Before You Get Started: Everything You Need To Repot Cacti
You don’t exactly need a huge amount of gardening tools to repot a plant, but when it comes to repotting cacti, there are a few things that will make your life much easier, especially if you need to repot a cactus that is covered in spines.
Here are the things you need to repot a cactus, and to make sure it will be in its best health when it’s settled into its new home.
Choose The Right Pot
The first thing you need is the right pot. Some indoor cacti plants will have shallow roots, just like succulent plants, so they do better in wider, shallow pots.
But it does depend on the species. If you are growing a cactus that looks like a large column, you will of course need to get a deeper pot for the roots to anchor themselves deeply into the soil.
The golden rule of repotting is to only go one or two sizes larger than the pot your cactus is currently in. This goes for nearly all types of plants unless you are doing a mixed planter that doesn’t include cacti.
The Right Soil
An essential part of repotting a cactus is ensuring you’re using the right type of soil. You can get cacti-specialist soil ready-made from any garden center or retailer, but it’s also easy enough to make your own.
It needs plenty of grit to give the roots lots of oxygen and promote free drainage, and this is the most important aspect.
You can use horticultural grit for this, but there are alternatives. Some people like to use pumice, and others even cat litter!
Coir can make up an important part of cacti and succulent soil, but it needs to be responsibly sourced.
Generally speaking, most mixes form 1:1:1 parts of grit, compost, and coir compost. Make sure that the compost you’re using isn’t packed too full of nutrients, as this can do more harm than good.
Make Your Life Easier With The Right Tools
While repotting plants doesn’t usually require any specialist tools, it’s a little different when it comes to repotting cacti.

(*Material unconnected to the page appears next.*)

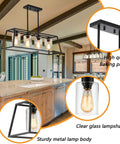 Dope Modern Farmhouse Linear Pendant Light Fixture With Glass Shade Four Light Black Steel Dining Room Chandelier over kitchen island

You’ll need the regular tools such as a little hand trowel and a pair of scissors, and a garden knife can come in handy, too.
You will need some protective gloves to protect your hands from the spines, preferably heavy-duty ones.
For lifting out a spiny cactus, one of the best tools you can use is a humble piece or box made of thick cardboard. No, really.
Grabbing the cactus with the cardboard, ensuring that it is between your fingers and the plant as a barrier, means that no spines can attack you.
You could also use silicone tongs or a cut-up kitchen sponge, but make sure you don’t squeeze the plant.
Top Dress Your Cactus
It’s not required, but a layer of grit on top of the soil helps to trap heat and moisture while stopping any leaves from rotting by being in contact with the soil.
Is It A Good Idea To Feed Cacti?
You can feed cacti with a specialist cacti fertilizer sparingly during the growing season, following the manufacturer’s instructions.
Be careful not to fertilize cacti outside the growing season, as plants that go dormant during the winter need to have this period of rest to sustain healthy growth.
How To Repot An Indoor Cactus
Wait until the soil of a cactus is completely dry before you repot it. This helps immensely when it comes to repotting, as the soil lifts out in the shape of the pot.
This protects the roots, but that doesn’t mean you don’t have to be careful with them. Gently tease out the old soil from the roots with your fingers, discarding the soil, but ensure you don’t rip off the roots if you can help it.
Freeing the roots from the shape of the pot encourages them to settle into the new soil.
Make sure that the new pot has a good drainage hole, and place a layer of grit or rocks at the bottom. The soil is usually much finer than normal compost, so you don’t want it to come straight out of the hole.
Add a layer of compost, and put the cactus in to test the height. Fill the pot, leaving the top two inches of the pot clear. Dress as necessary, but don’t water it until a week later.
Repotting a cactus can be daunting and even dangerous, but as long as you use protective tools, and repot in the early growing season when the plant needs it and not before, it is a fairly simple process and keeps your plant healthy.